Pictures with short captions:
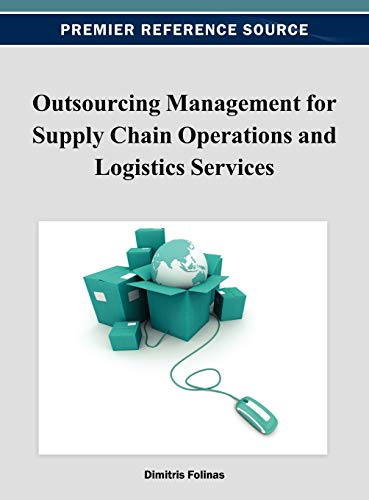 Outsourcing Management for Supply Chain Operations and Logistics Service (Advances in Logistics, Operations, and Management Science)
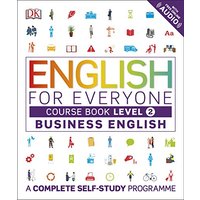 English for Everyone Business English Level 2 Course Book: A Visual Self Study Guide to English for the Workplace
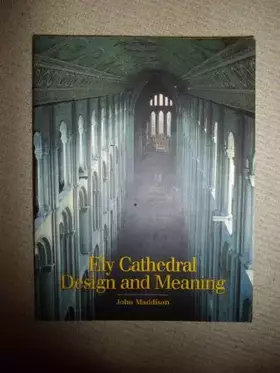 Couverture du produit · Ely Cathedral: design and meaning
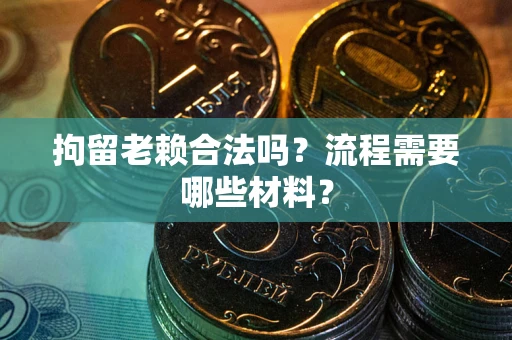济南拘留老赖合法吗？流程需要哪些材料？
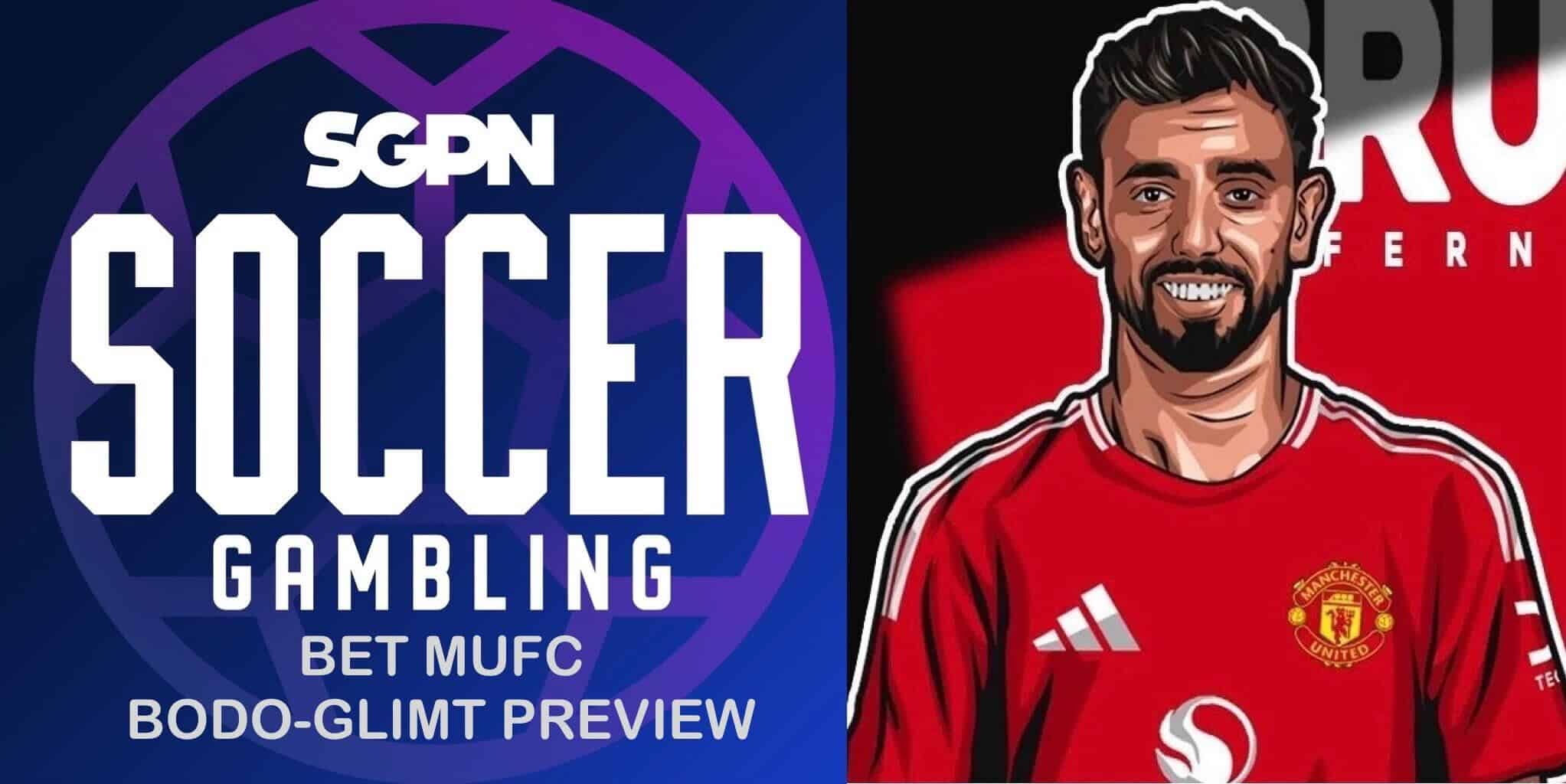 Bodø/Glimt Preview | Bet MUFC (Ep. 171)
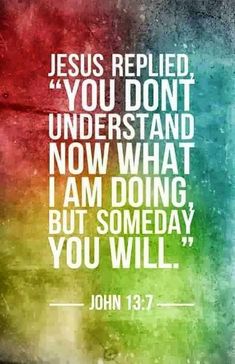 the words jesus replaced you don't understand now what i am doing, but some day you will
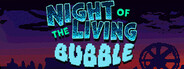 Night of the Living Bubble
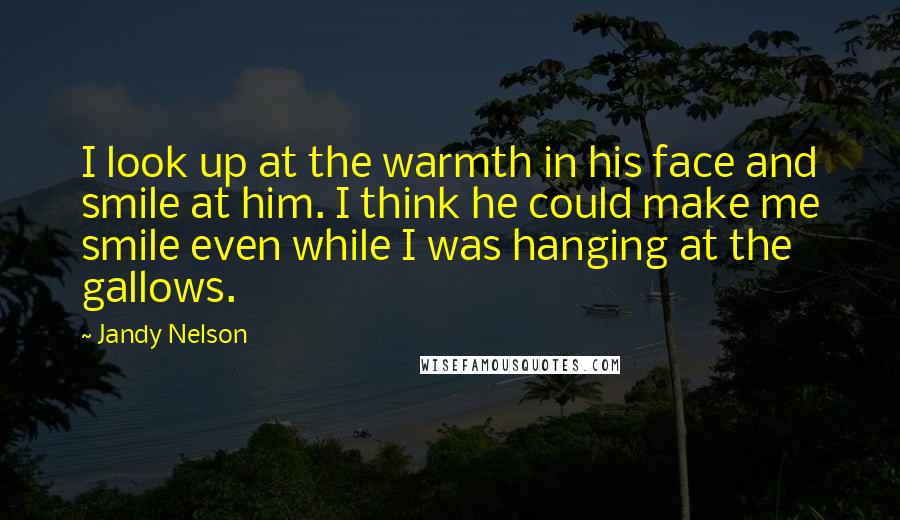 Jandy Nelson Quotes: I look up at the warmth in his face and smile at him. I think he could make me smile even while I was hanging at the gallows.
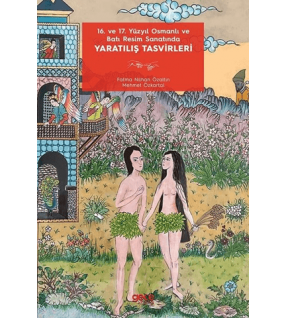 16. ve 17. Yüzyıl Osmanlı ve Batı Resim Sanatında Yaratılış Tasvirleri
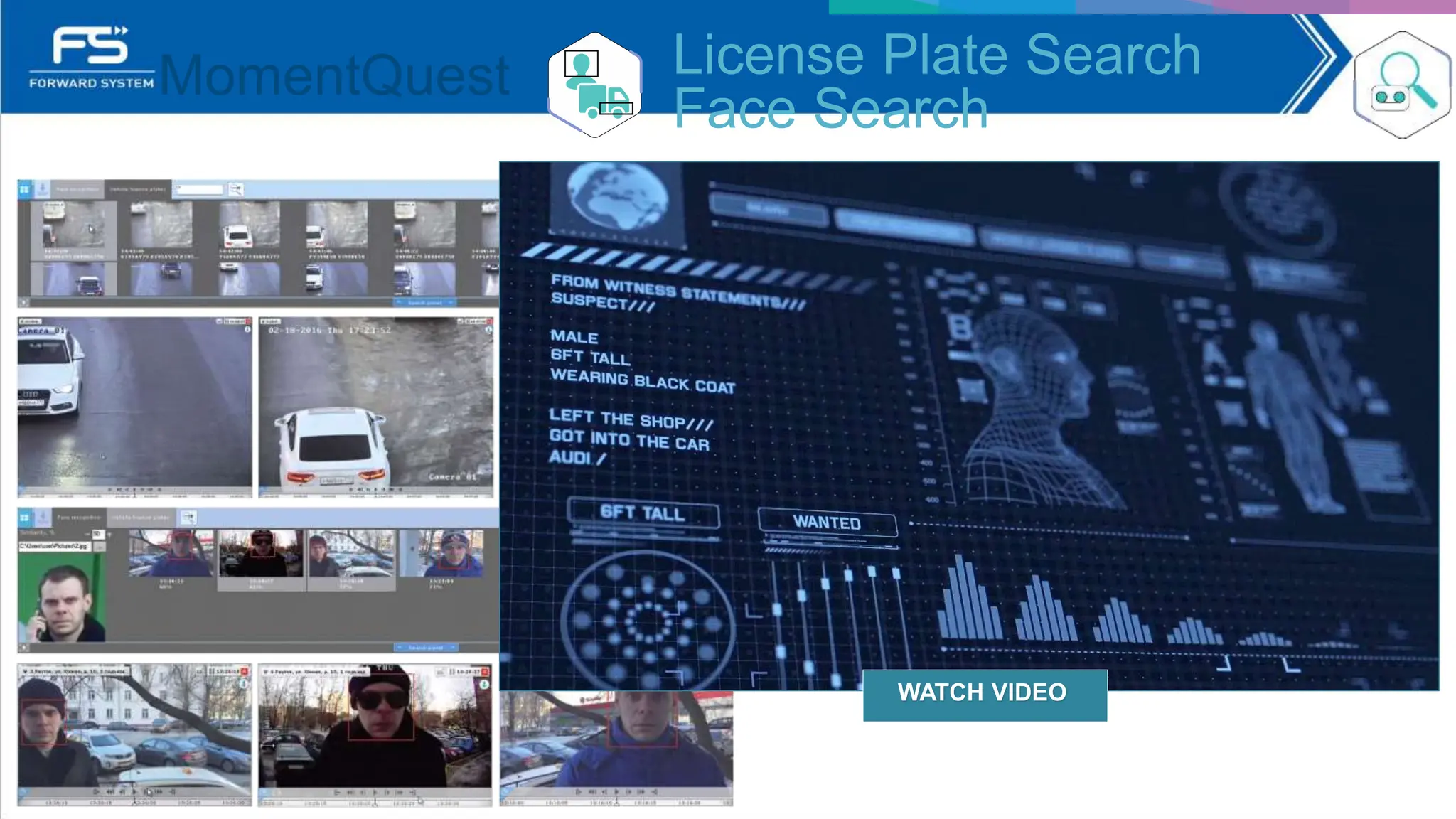 MomentQuest License Plate Search
Face Search
WATCH VIDEO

= Your objective =
The lines from the one with "English for Everyone" to the end of the data above should be retyped exactly, both ends included, and pictures are to be left out.

= Result =
 English for Everyone Business English Level 2 Course Book: A Visual Self Study Guide to English for the Workplace
 Couverture du produit · Ely Cathedral: design and meaning
济南拘留老赖合法吗？流程需要哪些材料？
 Bodø/Glimt Preview | Bet MUFC (Ep. 171)
 the words jesus replaced you don't understand now what i am doing, but some day you will
 Night of the Living Bubble
 Jandy Nelson Quotes: I look up at the warmth in his face and smile at him. I think he could make me smile even while I was hanging at the gallows.
 16. ve 17. Yüzyıl Osmanlı ve Batı Resim Sanatında Yaratılış Tasvirleri
 MomentQuest License Plate Search
Face Search
WATCH VIDEO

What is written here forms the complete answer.